**WHAT IS NEEDED**: In the entries below, copy only the lines from the one that contains "This is what" through the last line, exactly, and omit any pictures.
++++++++
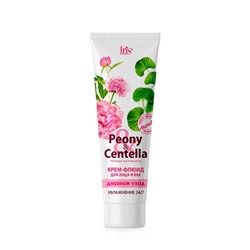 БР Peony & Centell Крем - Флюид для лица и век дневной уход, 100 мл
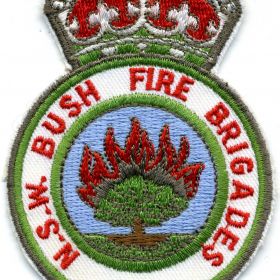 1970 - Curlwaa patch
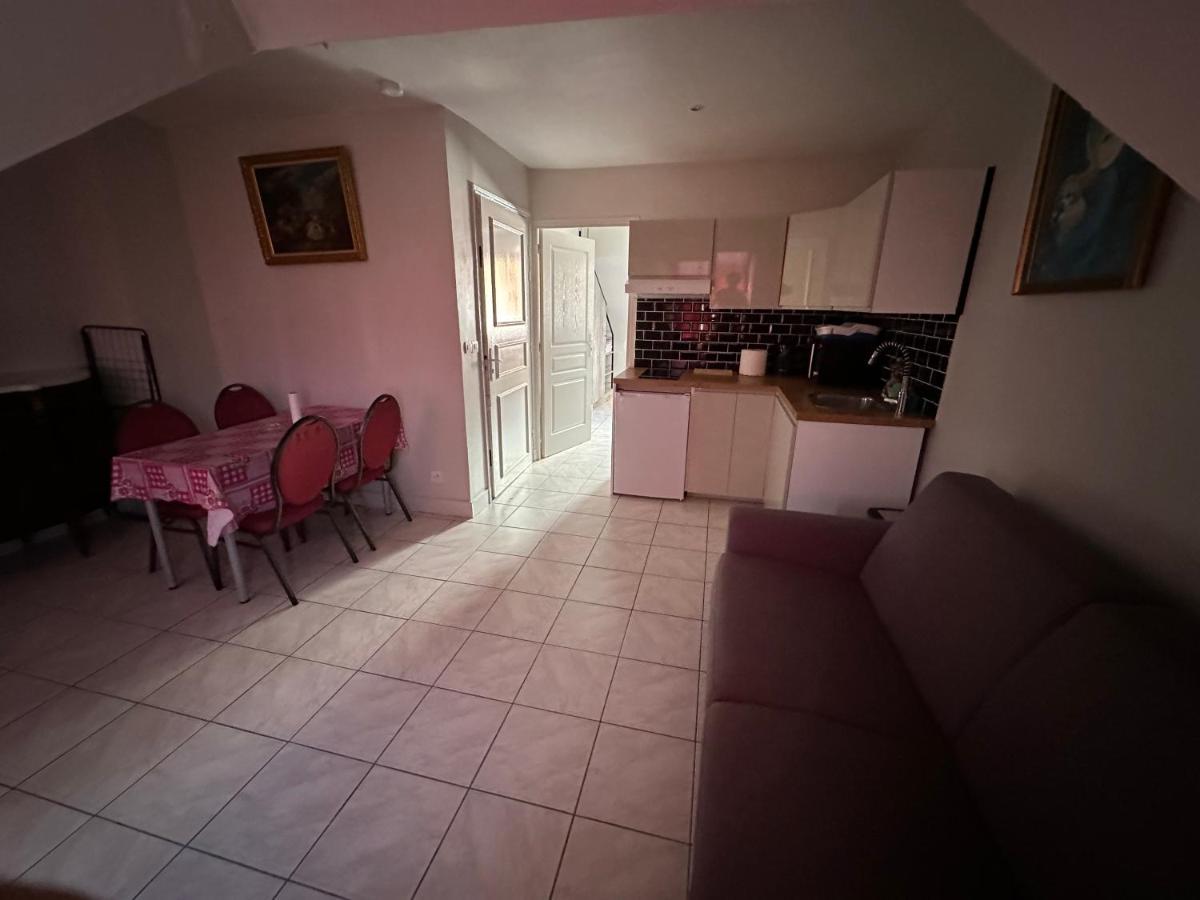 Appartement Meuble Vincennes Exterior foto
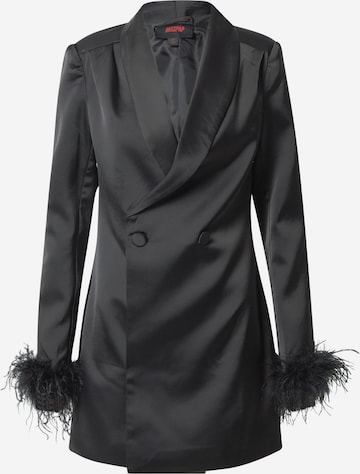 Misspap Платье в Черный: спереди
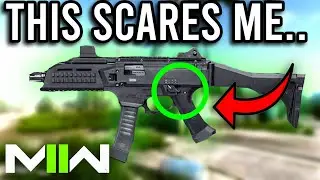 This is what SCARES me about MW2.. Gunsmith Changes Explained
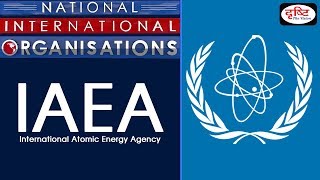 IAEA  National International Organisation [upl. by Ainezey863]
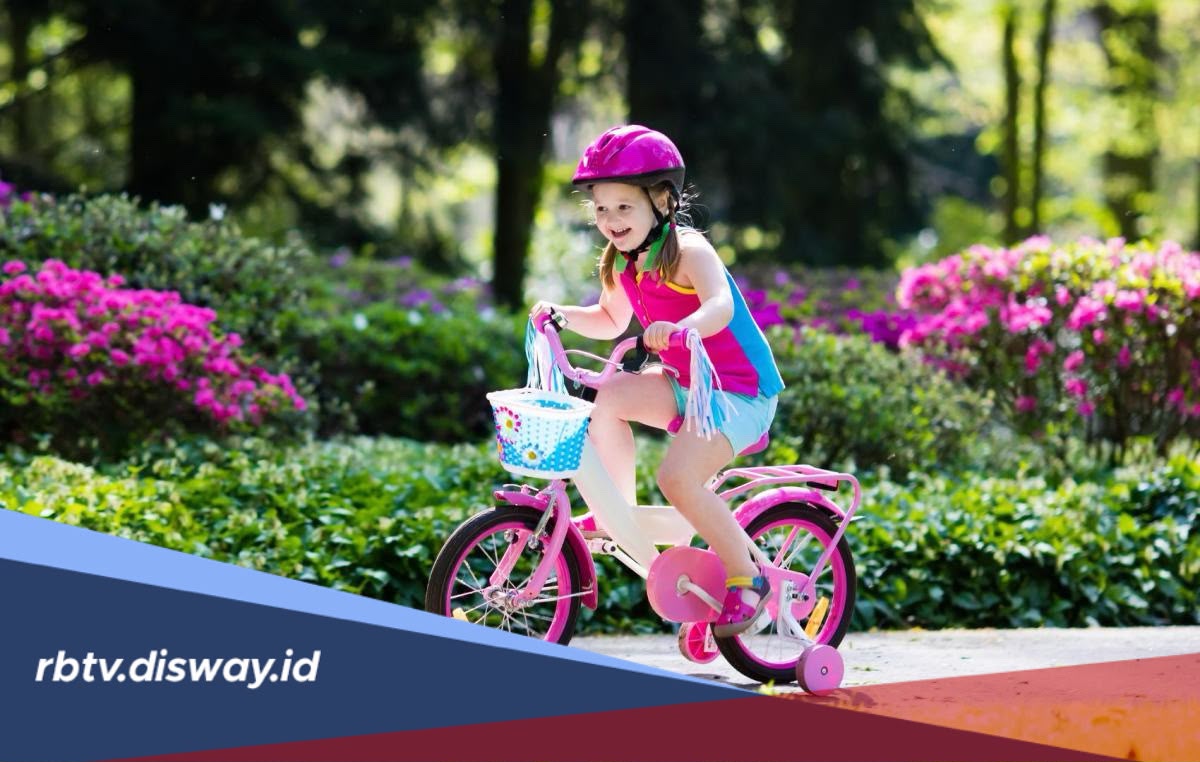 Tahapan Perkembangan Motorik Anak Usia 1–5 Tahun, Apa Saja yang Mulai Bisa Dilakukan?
++++++++
**SOLUTION TO THE EXERCISE**:
 This is what SCARES me about MW2.. Gunsmith Changes Explained
 IAEA  National International Organisation [upl. by Ainezey863]
 Tahapan Perkembangan Motorik Anak Usia 1–5 Tahun, Apa Saja yang Mulai Bisa Dilakukan?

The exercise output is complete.